Hard work. Big Rewards. Bigger blessings. Life on a South Dakota ranch.
The Big Guy is just that– a Big Guy at 6’3″. His father and one brother are even taller. His other brother is just a little shorter. My brothers, nephews, and brother-in-laws are all sizes, but one thing is standard. All these men are men with big hearts. I think they like to think that their goodness is hidden, but it is actually pretty transparent. Just ask the Wild Child. She LOVES her family of big-hearted men. She knows that they will saddle her horse, take her in the tractor, lead her around, and let her be part of just about all of their day. It was very apparent today when she thought one of her uncles pulled into the yard. She looked out the window, turned around smiling, and said “Mom! I think he came just to give me a birthday hug.” Yep– she has these big men pegged as real softies.

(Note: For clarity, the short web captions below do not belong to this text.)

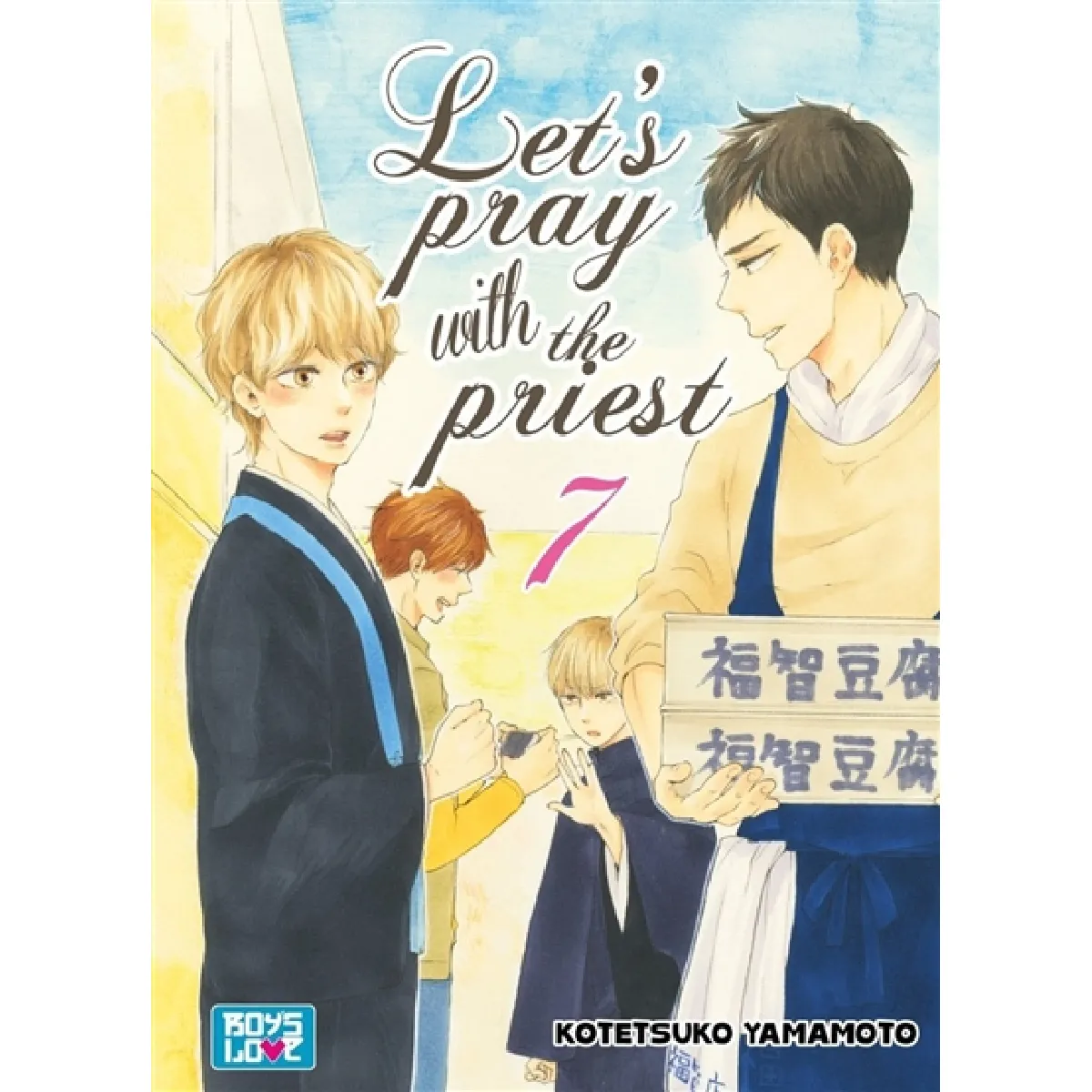 Let's pray with the priest. Vol. 7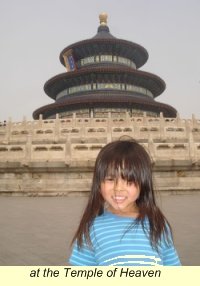 at the Temple of Heaven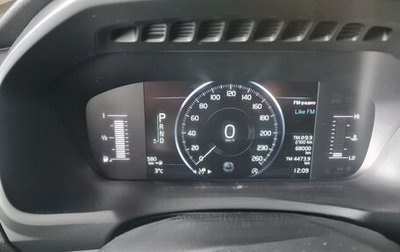 Volvo XC90 II рестайлинг, 2018 год, 7 250 000 рублей, 1 фотография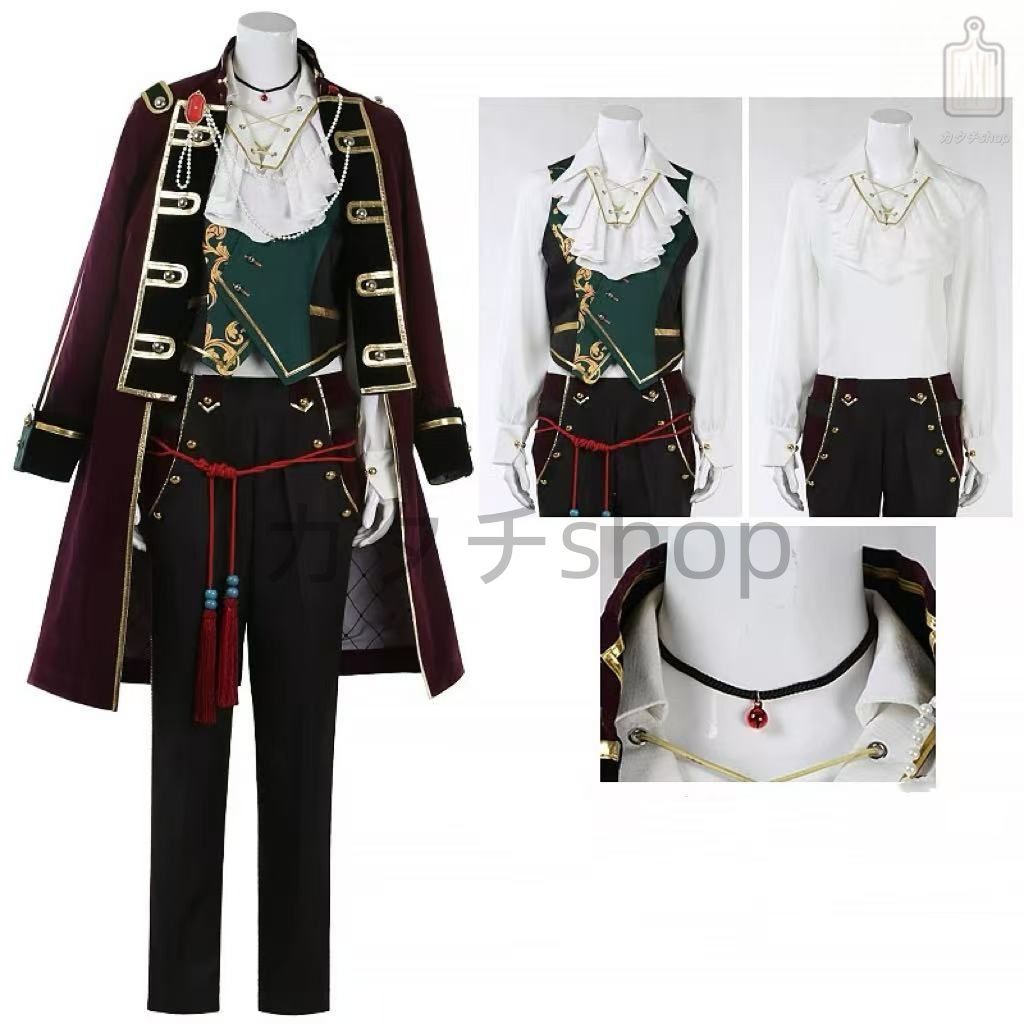 あんさんぶるスターズ!! 鬼龍紅郎 神崎颯馬 蓮巳敬人 風 コスプレ衣装 コスチューム イベント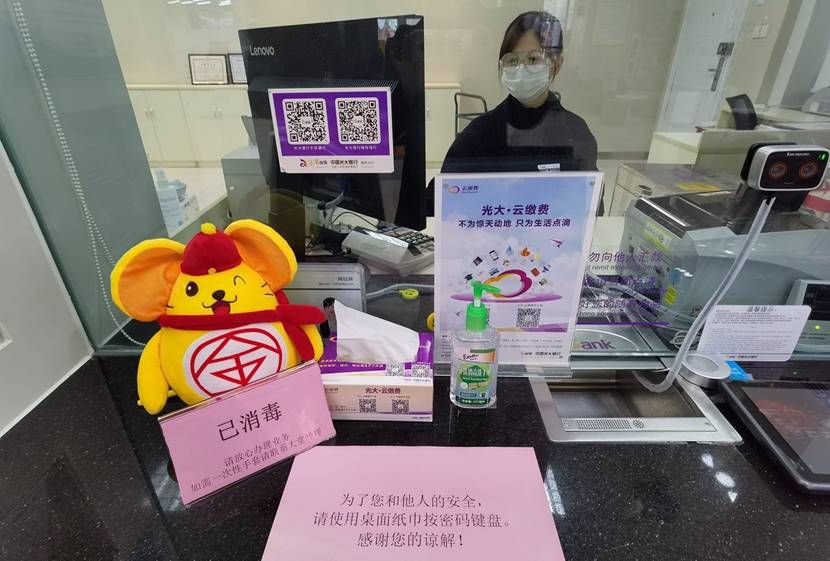 ng电子游戏·(中国集团)官方网站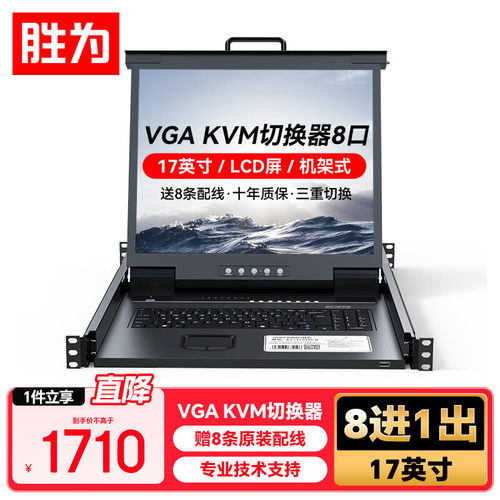 胜为KVM切换器8口VGA八进一出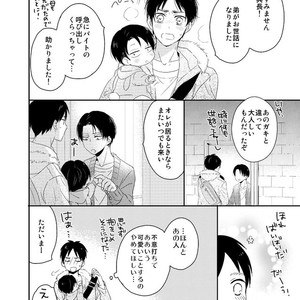 [Agp (Kurihara Aoi)] Ereri Family 1 – Attack on Titan dj [JP] – Gay Comics image 022.jpg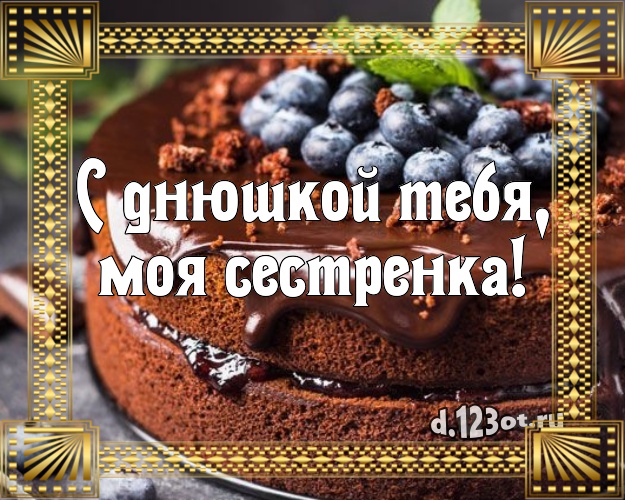 С днюшкой Тебя, моя сестренка! Красивая открытка лучшей сестре с шоколадным тортом для whatsApp, для telegram, для вконтакте, для facebook, для одноклассники! Скачать онлайн бесплатно для вацап!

It makes my heart smile every time I see one of these big men, or any man actually, show love and tenderness to kids, the elderly, women, and animals. Living in an agriculture community, and being a ranch wife, means that my heart is smiling often. The Bible states “A righteous man cares for the needs of his animal, but the kindest acts of the wicked are cruel.” (Proverbs 12:10). This is the nature of the rancher. The men I know never put their own needs above those of their animals. This is never more apparent than in the springtime.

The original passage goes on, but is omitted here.